# Problem Explanation

Remember that basic NN consists of two steps:
1. Going forward: activation function of each layer.
2. Going backward: calculating the error gradient and propagating it to the input layer and then, updating the parameters.

The problem here is that often times the gradients get smaller when we reach to lower layers and therefore, the weights remain quite similar to what they were and we never converge.

The gradients could also get bigger with each step and the algorithm diverges.

These two are called **Vanishing and Exploding** gradients respectively.

# The Reason Behind the Problem

This behavior was observed long ago but no one knew **why** it happened until in 2010, Glorot and Bengio found some reasons to this behavior.

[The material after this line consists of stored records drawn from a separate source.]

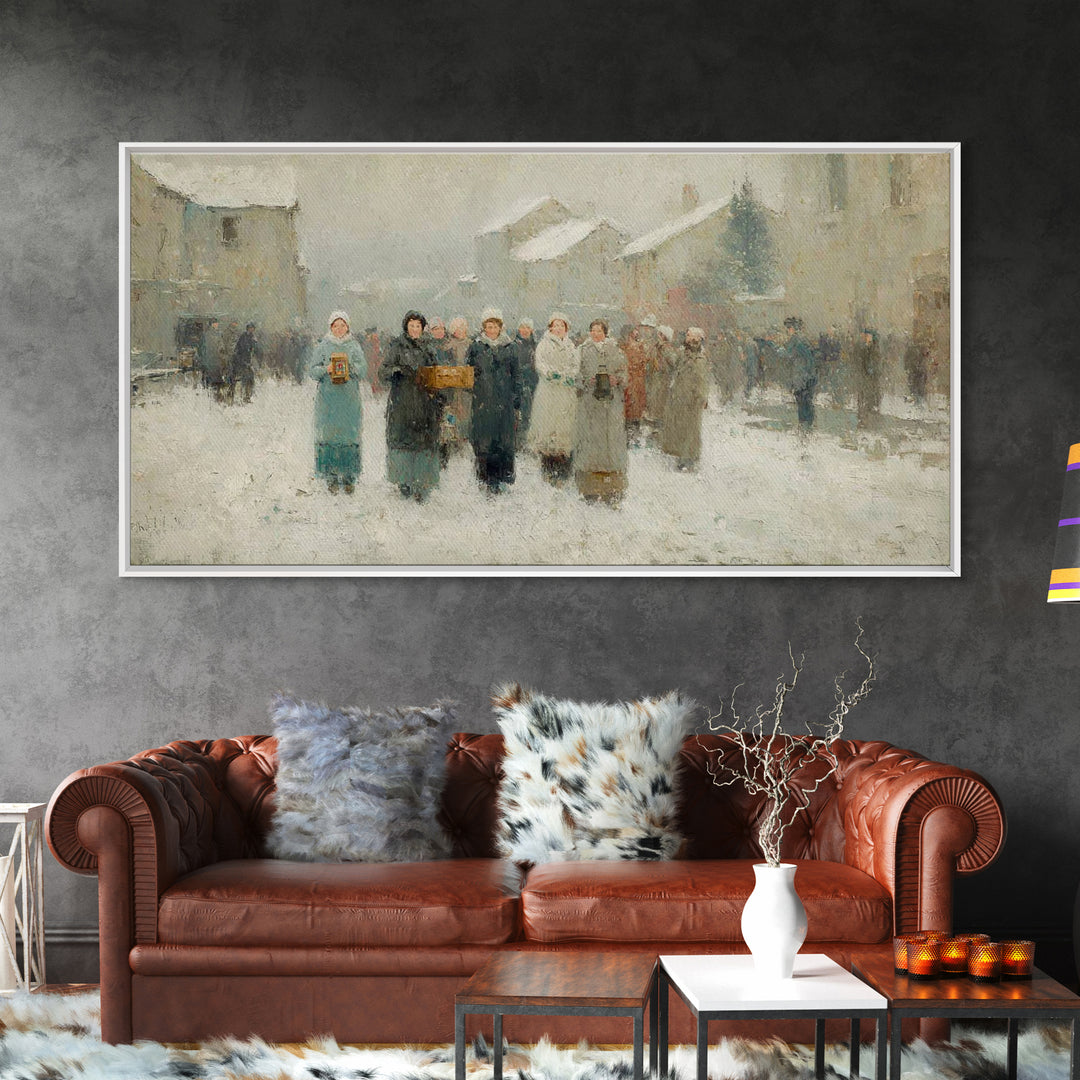 Little Carolers, Framed Canvas Print, Christmas Art Prints, Christian Christmas Art, Christian Art Canvas, Christmas Wall Art, Christian De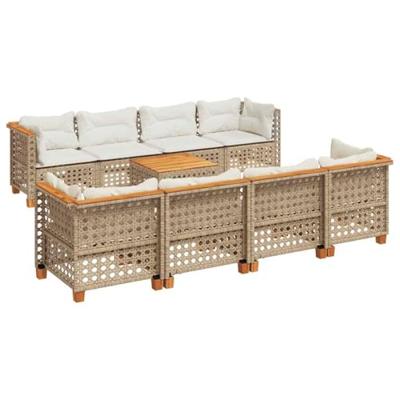 9-delige Loungeset met kussens poly rattan beige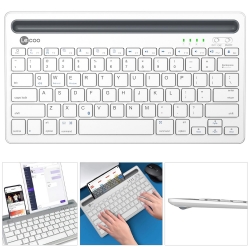 Lenovo lecoo bk-100 kablosuz klavye standlı q ingilizce şarjlı pc telefon tv uyumlu
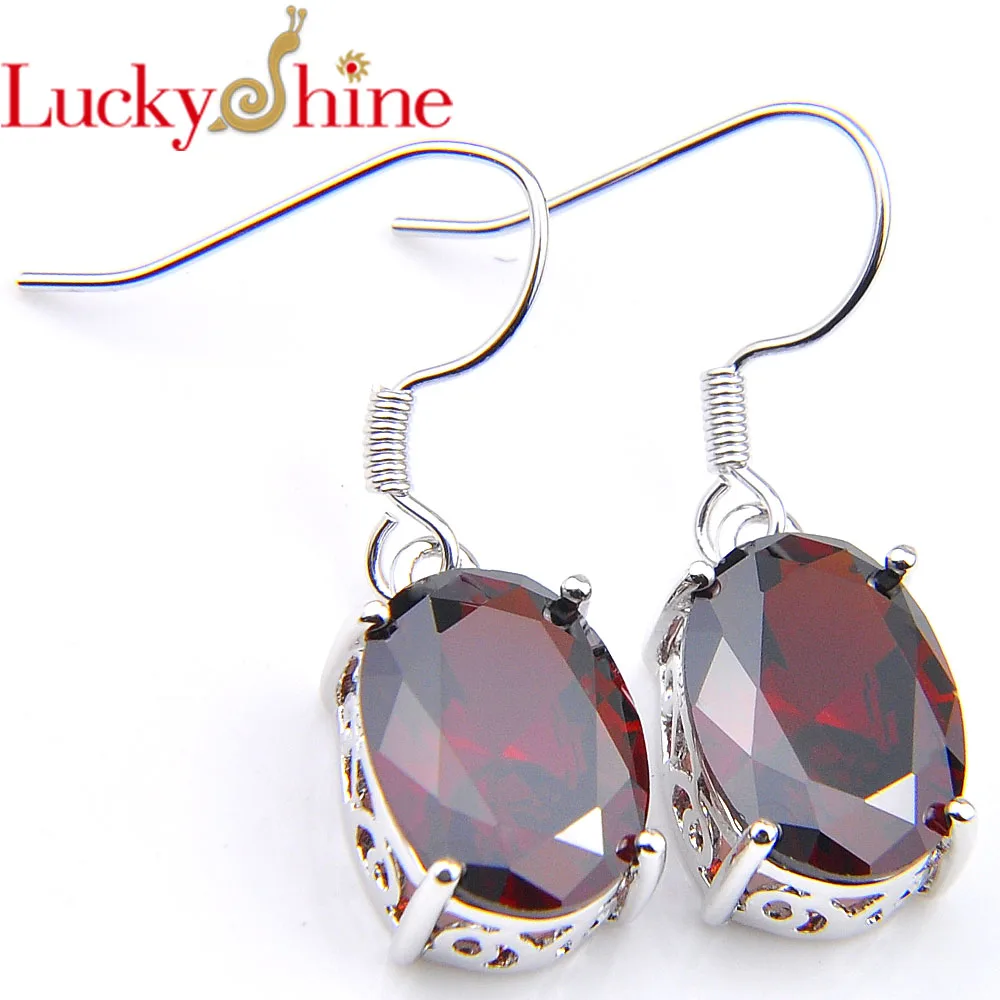 

Luckyshine Women Earrings Oval Red Crystal Zircon Earring Wedding Dangle Earrings Russia USA Australia Vintage Earrings Jewelry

One of them was the combination of "logistic activation function" and the popular "0-mean, 1-variance" weight initialization. This resulted into each layer's output variance being much bigger than its input variance.

Then by going deeper into the model, the variance keeps getting bigger and bigger and in the last layers, the activation function becomes "saturated" meaning that the gradient is close to 0 so backprop actually has no gradient to work with.

![image.png](attachment:image.png)

# How to Salvage

Various techniques and ideas exist for solving this problem such as:
1. Alternative weight initialization.
2. Alternative (which are non-saturating) activation functions.
3. Batch Normalization (next session)
4. Gradient clipping (for exploding gradients)
5. Layer-wise training
6. Unsupervised pre-training
7. And so on...

Here we will discuss the first two methods.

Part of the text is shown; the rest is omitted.